PHP web site compromised
PHP web site compromised
Posted Oct 28, 2013 13:45 UTC (Mon) by fergal (guest, #602)In reply to: PHP web site compromised by cabrilo
Parent article: PHP web site compromised
Nothing but it probably shouldn't be possible to cause your whole interpreter to segfault due to incorrect use of an API. That's a violation of the layers. If I want segfaults I'll program in C. Otherwise I expect to get errors at the standard level of abstraction of the language, so that e.g. I get a stack trace of _my_ code at the time of the error, not a stack trace of the interpreter.
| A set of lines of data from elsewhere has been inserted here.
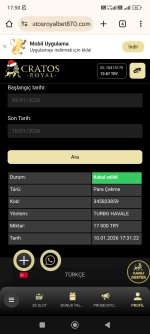 Screenshot_2026-01-10-17-50-33-909_com.android.chrome.jpg
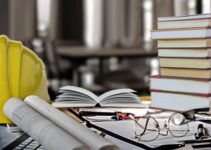 Books Every Construction Project Managers Needs To Read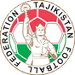 Tadjikistan U-20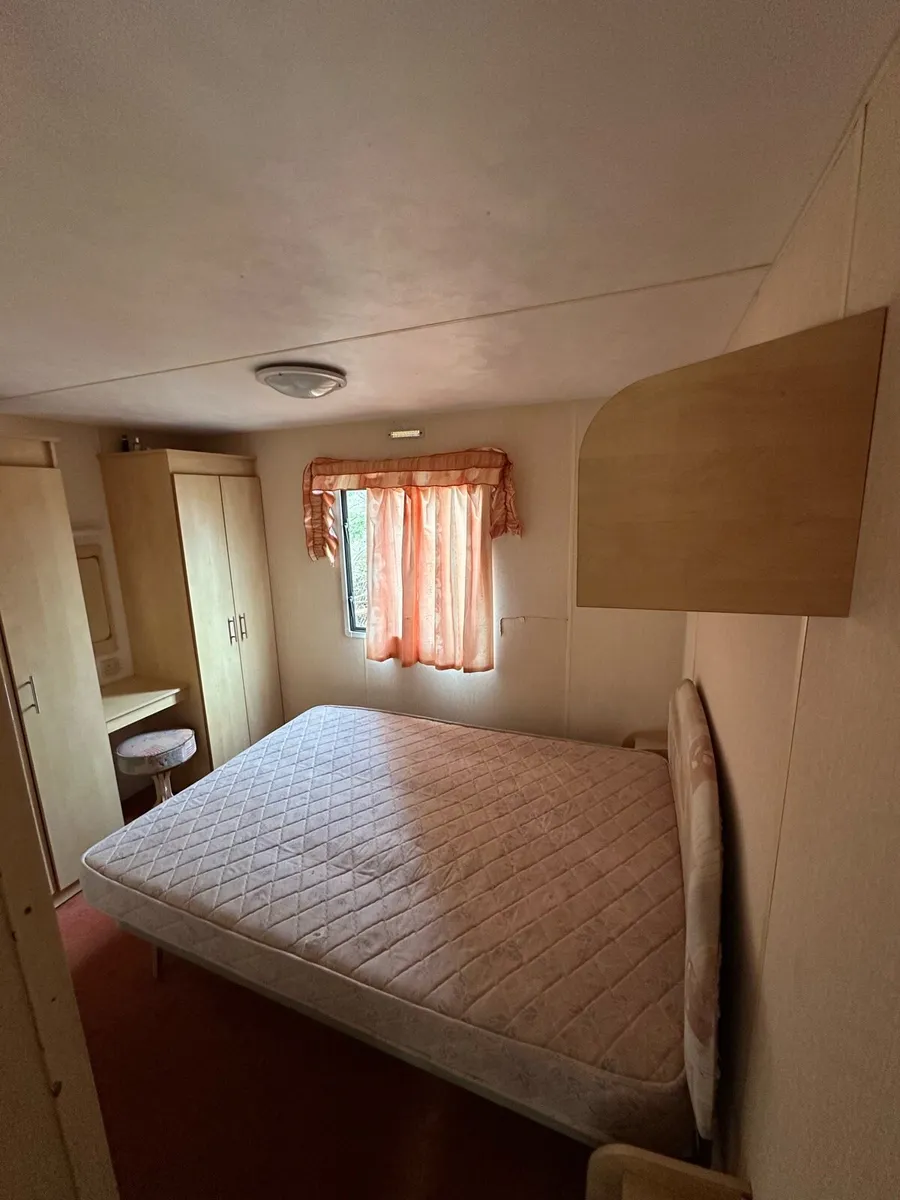 Mobile home - Image 4
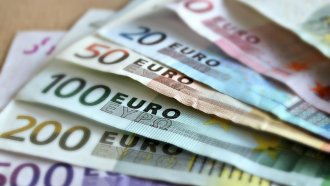 ЕК предлага реформа на бюджетните правила на ЕС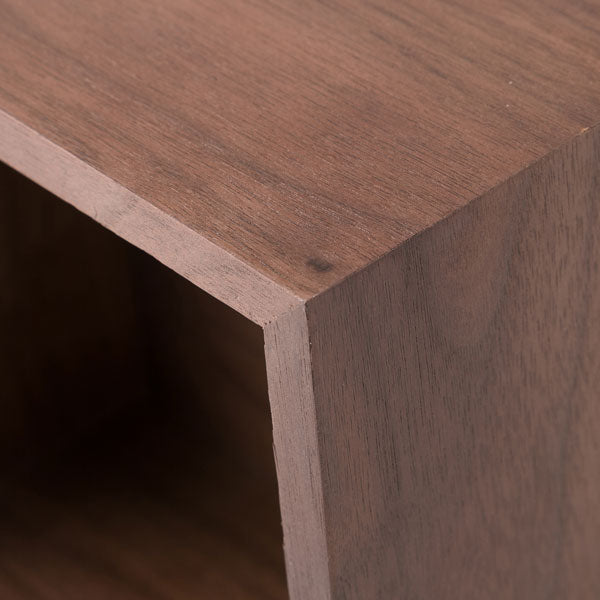 WALL SHELF ARBRE BOX 20 MBR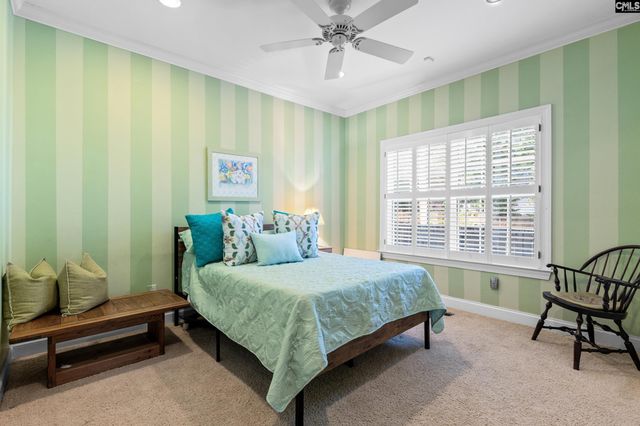 150 Hampton Crest Trail, Columbia, SC 29209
I think the complaint about XSRF etc is there because PHP was intended to be used to create websites and not much else, so lacking essential tools for creating secure websites seems like a valid criticism. It's incredibly rare to see it used for anything else. If it's not ready for website creation out of the box, what is it ready for?
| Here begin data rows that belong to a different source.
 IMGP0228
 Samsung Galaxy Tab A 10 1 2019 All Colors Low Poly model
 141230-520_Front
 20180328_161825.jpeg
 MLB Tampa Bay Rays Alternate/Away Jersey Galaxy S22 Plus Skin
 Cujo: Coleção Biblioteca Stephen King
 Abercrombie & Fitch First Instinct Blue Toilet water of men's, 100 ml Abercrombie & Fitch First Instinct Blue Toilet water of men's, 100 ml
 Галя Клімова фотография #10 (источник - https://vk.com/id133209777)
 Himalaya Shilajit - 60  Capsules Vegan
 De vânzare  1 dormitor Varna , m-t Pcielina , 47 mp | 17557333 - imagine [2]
As for sort vs rsort, there are 12 slightly different sort functions mentioned in that post. Most other languages have 1 (maybe 2: in-place vs copy) and a way to make it behave as needed (PHP's usort, essentially). Yes, some of those 12 only exist to provide "a" and "k" versions but what about natcasesort? What if you want to do an ksort but use the same criteria as natcasesort, in reverse?
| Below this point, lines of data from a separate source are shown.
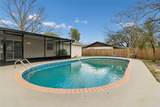 3817 Twilight Drive - Photo 38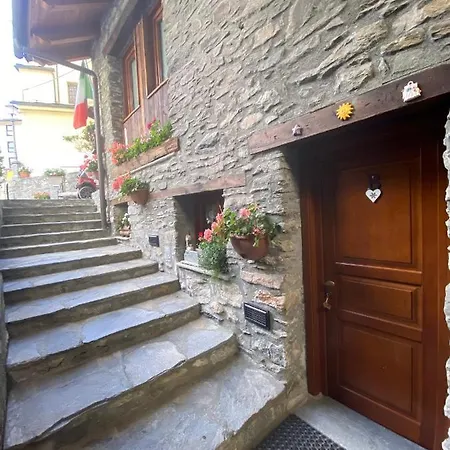 Maison Maribel 0043 *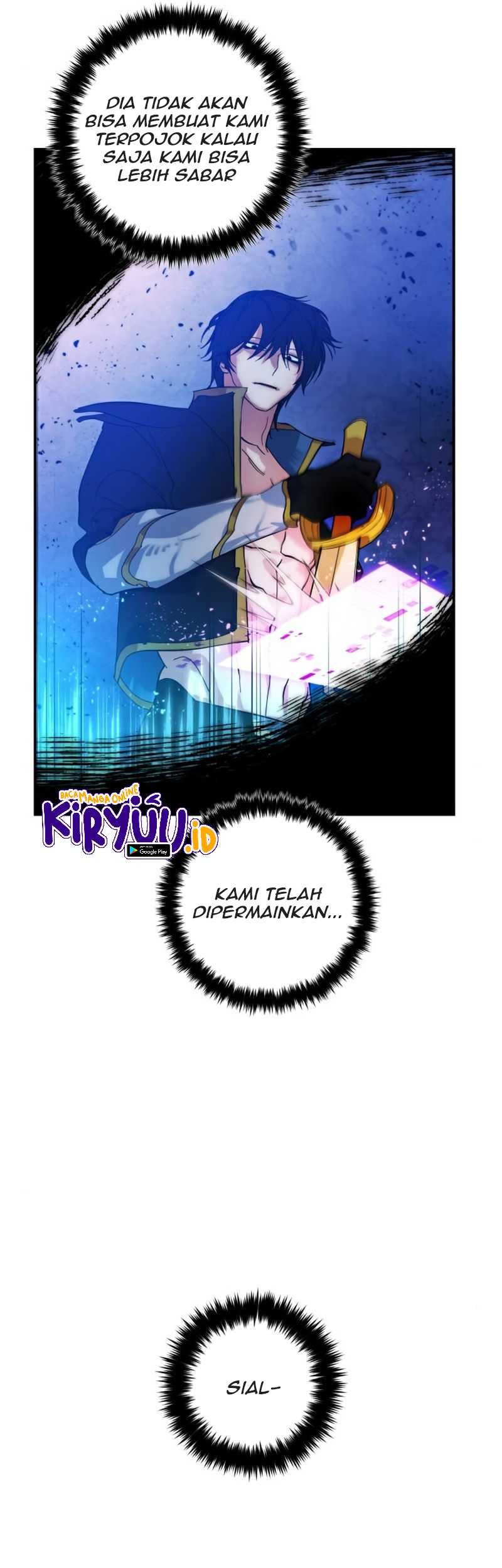 Halaman 293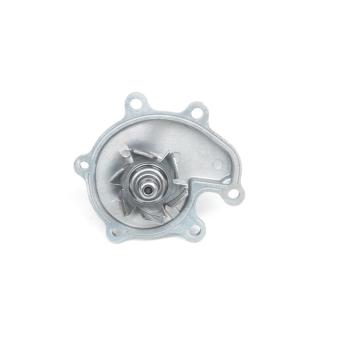 US Motor Works US9162 Engine Water Pump product image 3 of 4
This shows a lack of wisdom and good taste (or even just an ability to copy what's done well in other languages).
I've worked with people who will happily just copy that chunk of code from X to Y and modify one line instead of stopping to think how to making a function out of it. These people always have a host of other bad practices and in some cases have written such terrible code that I've actually spent more time dealing with it and fixing it than if I'd just written it from scratch myself.
PHP's API has exactly that feel about it.